There are many reasons for businesses looking to develop or expand their markets and sales beyond UK shores, explains Mark O'Shea Commerce & Technology Team, including:

  • Virgin markets with strong demand
  • Developing new sources of revenue
  • Taking advantage of favourable exchange rates
  • Supplying leading edge technology/services
  • High domestic prices affecting UK sales
  • Mature/saturated domestic market/stiff domestic competition

Taking the plunge can require a degree of nerve, but what factors do you need to consider when doing so?

1) Do you intend to sell your products direct from the UK? 

  • Are you intending on making direct sales from the UK, for example via your website? If so, what restrictions are there on selling on-line to overseas customers? 
  • Can you refuse to supply to customers in certain countries? Are there embargoes on selling/supplying particular products into some countries? 
  • What terms and conditions can you/should you impose on your customers (whether businesses or consumers)? 
  • What rights do customers have to reject goods, whether for defects or otherwise? 

2) Or do you intend to appoint a local agent or distributor? 

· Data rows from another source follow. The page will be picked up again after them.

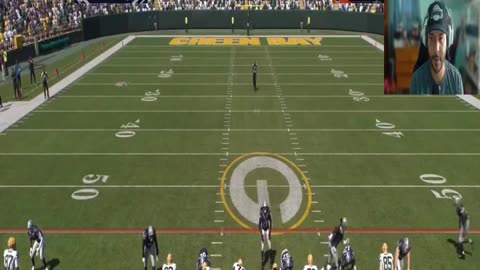 King of Deep throws in Madden 26!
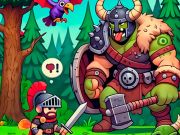 ゲームドラゴンハンター オンライン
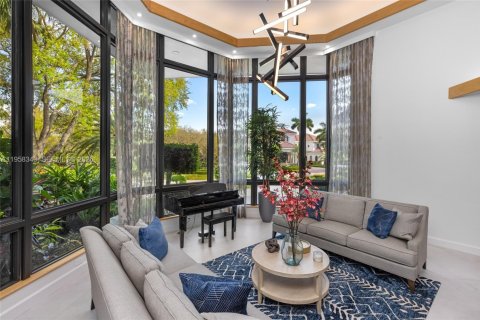 Casa en venta en Weston, Florida, 6 dormitorios, 988.02 m2 № 2079387 - foto 22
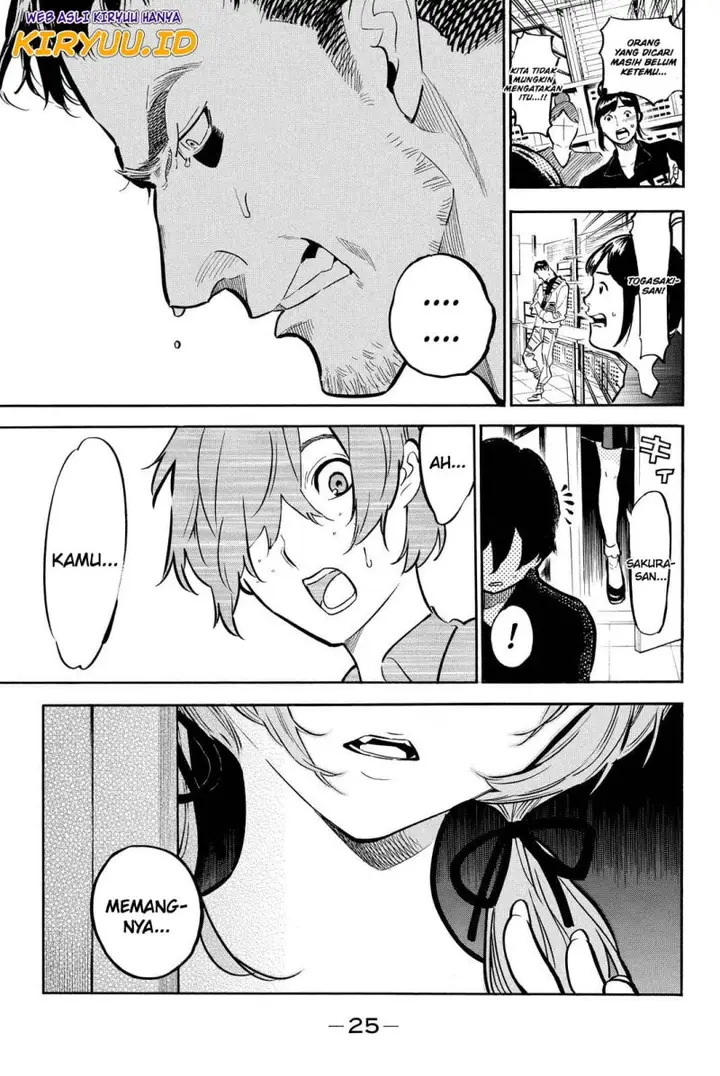 image-komik-akb49-renai-kinshi-jourei-chapter-255-5/25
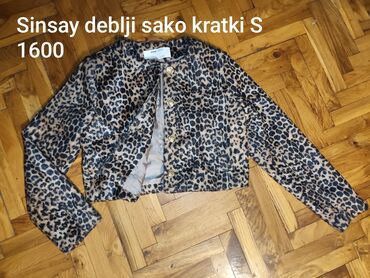 Sakoi: S (EU 36), Somot, Jednobojni — 3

  • If you intend appointing an agent, how will you identify a suitable agent to represent your business? 
  • What is the agent's remit? Are they authorised to bind you to a sale contract? 
  • Can you prevent the agent/distributor from selling and/or promoting competing products or services? 
  • How will the agent be remunerated? 
  • What local laws will you need to comply with when appointing an agent? 
  • Will the agent be entitled to compensation or other recompense when the agency comes to an end, e.g. under the Commercial Agents (Council Directive) Regulations 1993 or their local equivalent? Do you need to make financial provision for this? 
  • How can you be sure the agent is conducting business in accordance with your ethical standards and anti-corruption policies and laws? 
  • If you appoint a distributor, how does this differ from an agent? 
  • Will the distributor be appointed on an exclusive or non-exclusive basis? 
  • What discount will the distributor receive on purchases from you? 
  • Is the distributor entitled to compensation or other recompense on termination? 
  • With agents or distributors, how should you deal with underperformance? 
  • What are your termination rights and what country's law governs the contract? 

3) Or will you set up a local subsidiary company or branch office?

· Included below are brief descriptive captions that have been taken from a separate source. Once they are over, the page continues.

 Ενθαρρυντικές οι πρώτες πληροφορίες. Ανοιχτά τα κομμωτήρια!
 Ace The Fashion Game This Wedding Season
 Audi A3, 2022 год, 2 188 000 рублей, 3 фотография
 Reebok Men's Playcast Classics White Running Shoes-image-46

  • What are the legal formalities for either option? How much will it cost? 
  • Will you set up a stand alone company locally or will it be within your existing group structure? 
  • Do you have to have shareholder and/or director resident in the relevant country? 
  • What are the tax considerations? 
  • Is franchising or licensing a better option? 

4) What do you need to do to protect your intellectual property rights?

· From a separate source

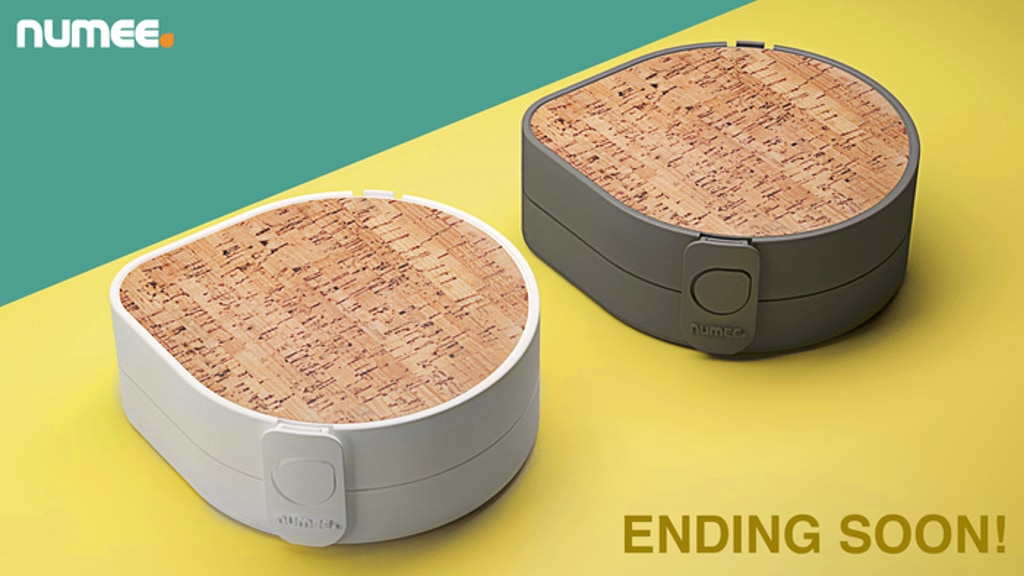 Enjoy a fresher and healthier Lunch every day.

  • What can or should you register/protect? 
  • How should you go about registering/protecting your patents, trade marks or other IPR? How much is that going to cost? 
  • Should you licence IPR from the UK? Should you set up a separate company to hold and/or licence your IPR? 
  • Do you need confidentiality undertakings to protect your know-how / trade secrets?

5) What contracts should you put in place?

  • What terms and conditions should you have? 
  • Do you need an agency / distribution agreement? If so, what terms should you include and will you need local legal advice on that? 
  • What other documentation do you need to put in place? 
  • Do you need to comply with data protection and distance selling laws? 
  • Does your product liability insurance cover sales made outside of your usual markets?

6) Do you need to ensure that you have registered local trade marks/domain names?

  • Should you register trade marks / domain names locally in the relevant countries? 
  • Or can you let the agent or distributor do so? If yes, how do you get these back when you terminate or end your relationship?

7) On termination, what do you need to ensure? 

  • Do you need to have a non-solicitation clause? Will it be enforceable? 
  • Can you get hold of customer lists? 
  • How can you ensure that the agent/distributor returns or destroys any confidential information or data? 
  • Can you oblige the agent/distributor to assist your transition to your new agent/distributor? 

Many of the answers to these questions can be determined through your due diligence, but some will require specialist and/or local legal advice and support.

The content of this article is intended to provide a general guide to the subject matter. Specialist advice should be sought about your specific circumstances.